= Conradson carbon residue =

Lab test for coking tendency of a substance

Conradson carbon residue, commonly known as "Concarbon" or "CCR", is a laboratory test used to provide an indication of the coke-forming tendencies of an oil. Quantitatively, the test measures the amount of carbonaceous residue remaining after the oil's evaporation and pyrolysis. In general, the test is applicable to petroleum products which are relatively non-volatile, and which decompose on distillation at atmospheric pressure. The phrase "Conradson carbon residue" and its common names can refer to either the test or the numerical value obtained from it.

==Test method==
A quantity of sample is weighed, placed in a crucible, and subjected to destructive distillation. During a fixed period of severe heating, the residue undergoes cracking and coking reactions . At the termination of the heating period, the crucible containing the carbonaceous residue is cooled in a desiccator and weighed. The residue remaining is calculated as a percentage of the original sample, and reported as Conradson carbon residue.

==Applications==
- For burner fuel, Concarbon provides an approximation of the tendency of the fuel to form deposits in vaporizing pot-type and sleeve-type burners.
- For diesel fuel, Concarbon correlates approximately with combustion chamber deposits, provided that alkyl nitrates are absent, or if present, that the test is performed on the base fuel without additive.
- For motor oil, Concarbon was once regarded as indicative of the amount of carbonaceous deposits the oil would form in the combustion chamber of an engine.

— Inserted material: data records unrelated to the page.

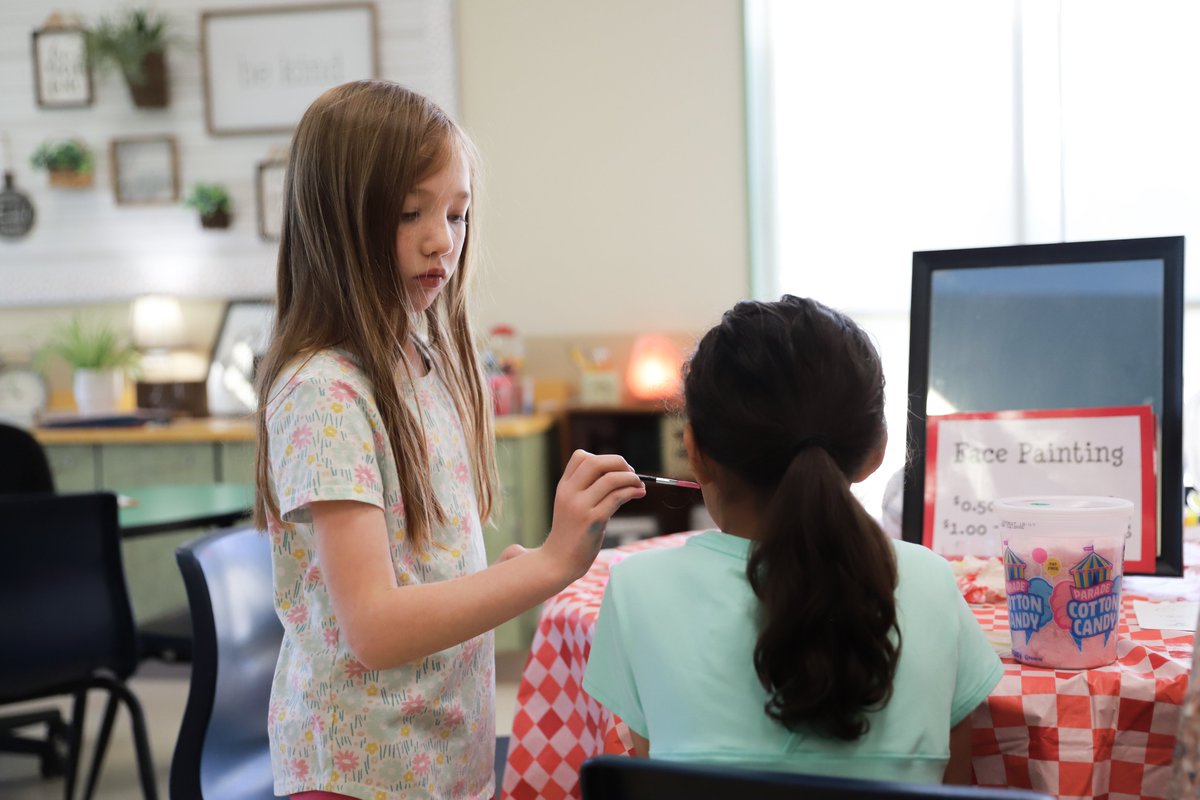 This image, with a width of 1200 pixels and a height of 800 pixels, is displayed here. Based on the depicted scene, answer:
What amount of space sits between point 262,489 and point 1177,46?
3465 millimetres

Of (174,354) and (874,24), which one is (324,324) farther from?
(174,354)

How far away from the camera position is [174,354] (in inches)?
176

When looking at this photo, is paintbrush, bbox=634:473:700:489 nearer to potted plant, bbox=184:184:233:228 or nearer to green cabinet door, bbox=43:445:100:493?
green cabinet door, bbox=43:445:100:493

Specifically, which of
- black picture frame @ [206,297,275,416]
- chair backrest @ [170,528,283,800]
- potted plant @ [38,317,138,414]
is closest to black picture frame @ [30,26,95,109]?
potted plant @ [38,317,138,414]

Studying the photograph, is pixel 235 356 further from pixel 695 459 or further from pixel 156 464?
pixel 695 459

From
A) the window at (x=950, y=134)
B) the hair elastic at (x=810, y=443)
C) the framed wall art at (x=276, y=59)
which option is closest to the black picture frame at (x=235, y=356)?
the framed wall art at (x=276, y=59)

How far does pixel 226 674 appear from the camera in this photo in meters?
1.55

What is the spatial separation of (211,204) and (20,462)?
1678 mm

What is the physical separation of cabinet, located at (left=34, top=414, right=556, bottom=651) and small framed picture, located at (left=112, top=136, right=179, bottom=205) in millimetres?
1029

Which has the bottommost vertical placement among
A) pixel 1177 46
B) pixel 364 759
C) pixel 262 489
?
pixel 364 759

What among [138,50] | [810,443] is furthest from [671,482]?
[138,50]

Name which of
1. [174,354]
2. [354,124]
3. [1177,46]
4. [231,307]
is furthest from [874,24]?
[354,124]

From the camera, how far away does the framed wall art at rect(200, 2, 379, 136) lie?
14.0 ft

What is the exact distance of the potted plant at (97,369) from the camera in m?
4.20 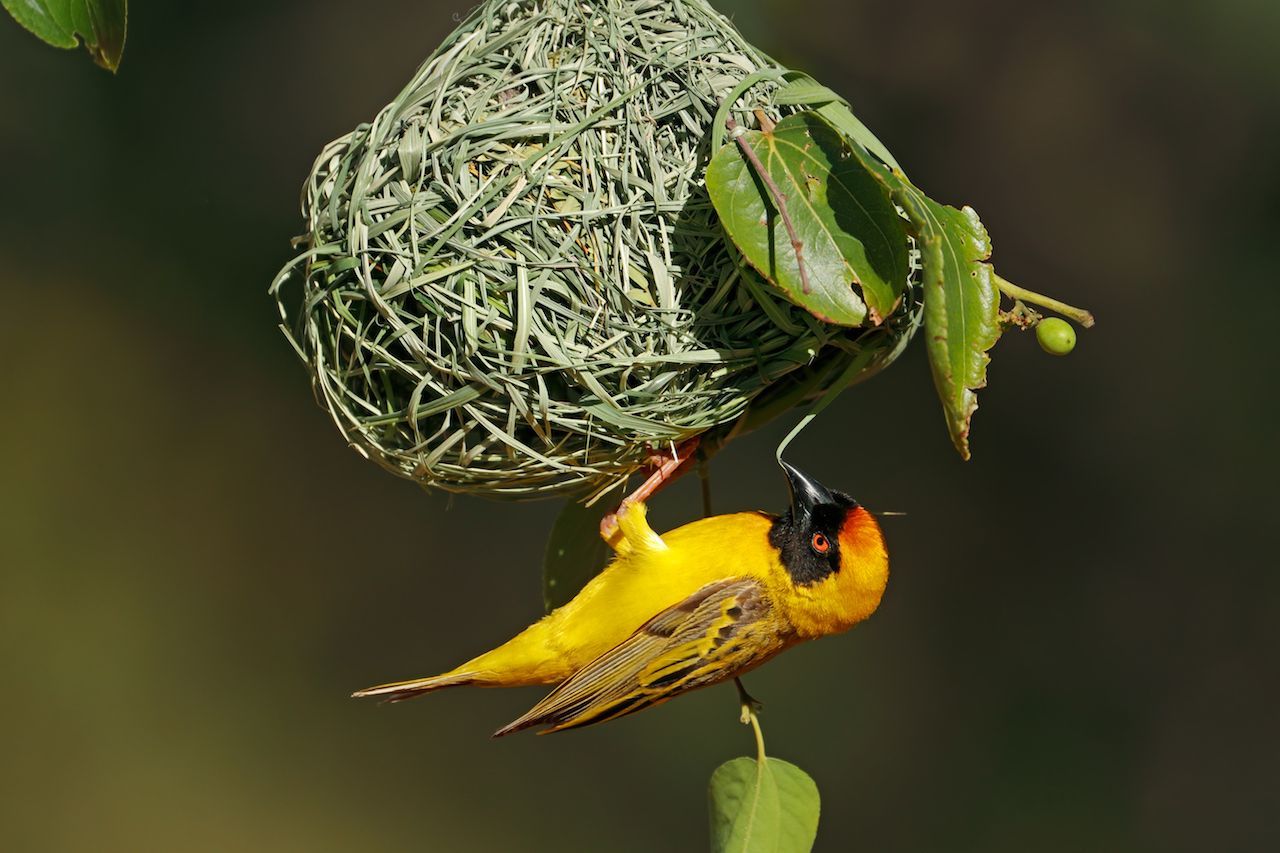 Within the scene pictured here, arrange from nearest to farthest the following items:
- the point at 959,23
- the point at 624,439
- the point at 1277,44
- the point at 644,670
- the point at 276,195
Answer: the point at 624,439 → the point at 644,670 → the point at 1277,44 → the point at 959,23 → the point at 276,195

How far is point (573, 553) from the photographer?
2750mm

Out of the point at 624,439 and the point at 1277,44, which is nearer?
the point at 624,439

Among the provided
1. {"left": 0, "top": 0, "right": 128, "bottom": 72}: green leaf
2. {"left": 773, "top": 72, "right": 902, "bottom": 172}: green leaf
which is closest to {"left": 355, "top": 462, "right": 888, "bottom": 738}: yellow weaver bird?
{"left": 773, "top": 72, "right": 902, "bottom": 172}: green leaf

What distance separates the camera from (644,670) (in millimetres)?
2541

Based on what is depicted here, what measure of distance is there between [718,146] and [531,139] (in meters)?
0.31

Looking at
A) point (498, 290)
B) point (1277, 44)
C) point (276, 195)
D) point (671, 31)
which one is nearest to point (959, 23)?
point (1277, 44)

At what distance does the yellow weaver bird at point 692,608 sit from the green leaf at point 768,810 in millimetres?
209

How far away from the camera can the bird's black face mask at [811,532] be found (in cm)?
257

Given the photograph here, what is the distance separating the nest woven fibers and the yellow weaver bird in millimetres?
373

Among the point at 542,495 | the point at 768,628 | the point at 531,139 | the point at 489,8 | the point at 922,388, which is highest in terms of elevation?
the point at 489,8

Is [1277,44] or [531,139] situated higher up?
[531,139]

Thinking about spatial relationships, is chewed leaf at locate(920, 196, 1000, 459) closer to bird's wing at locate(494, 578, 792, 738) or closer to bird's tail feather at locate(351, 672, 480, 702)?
bird's wing at locate(494, 578, 792, 738)

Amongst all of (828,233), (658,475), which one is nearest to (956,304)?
(828,233)

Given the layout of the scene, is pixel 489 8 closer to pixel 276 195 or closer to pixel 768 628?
pixel 768 628
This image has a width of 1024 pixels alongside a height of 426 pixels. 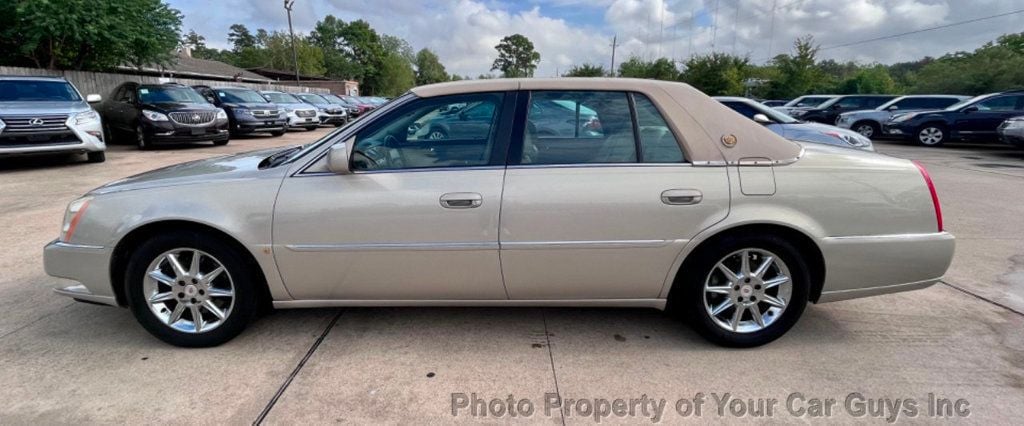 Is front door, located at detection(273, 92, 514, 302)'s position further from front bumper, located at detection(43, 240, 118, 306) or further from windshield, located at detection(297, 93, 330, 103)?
windshield, located at detection(297, 93, 330, 103)

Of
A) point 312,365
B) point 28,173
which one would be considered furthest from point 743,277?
point 28,173

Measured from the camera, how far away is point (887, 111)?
637 inches

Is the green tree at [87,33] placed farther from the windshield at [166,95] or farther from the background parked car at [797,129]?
the background parked car at [797,129]

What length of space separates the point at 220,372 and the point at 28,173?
9.29 meters

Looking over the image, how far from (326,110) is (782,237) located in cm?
2177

This is now considered to be of doubtful significance due to the presence of additives in many oils.
- For gas oil, Concarbon provides a useful correlation in the manufacture of gas there from.
- For delayed cokers, the Concarbon of the feed correlates positively to the amount of coke that will be produced.
- For fluid catalytic cracking units, the Concarbon of the feed can be used to estimate the feed's coke-forming tendency.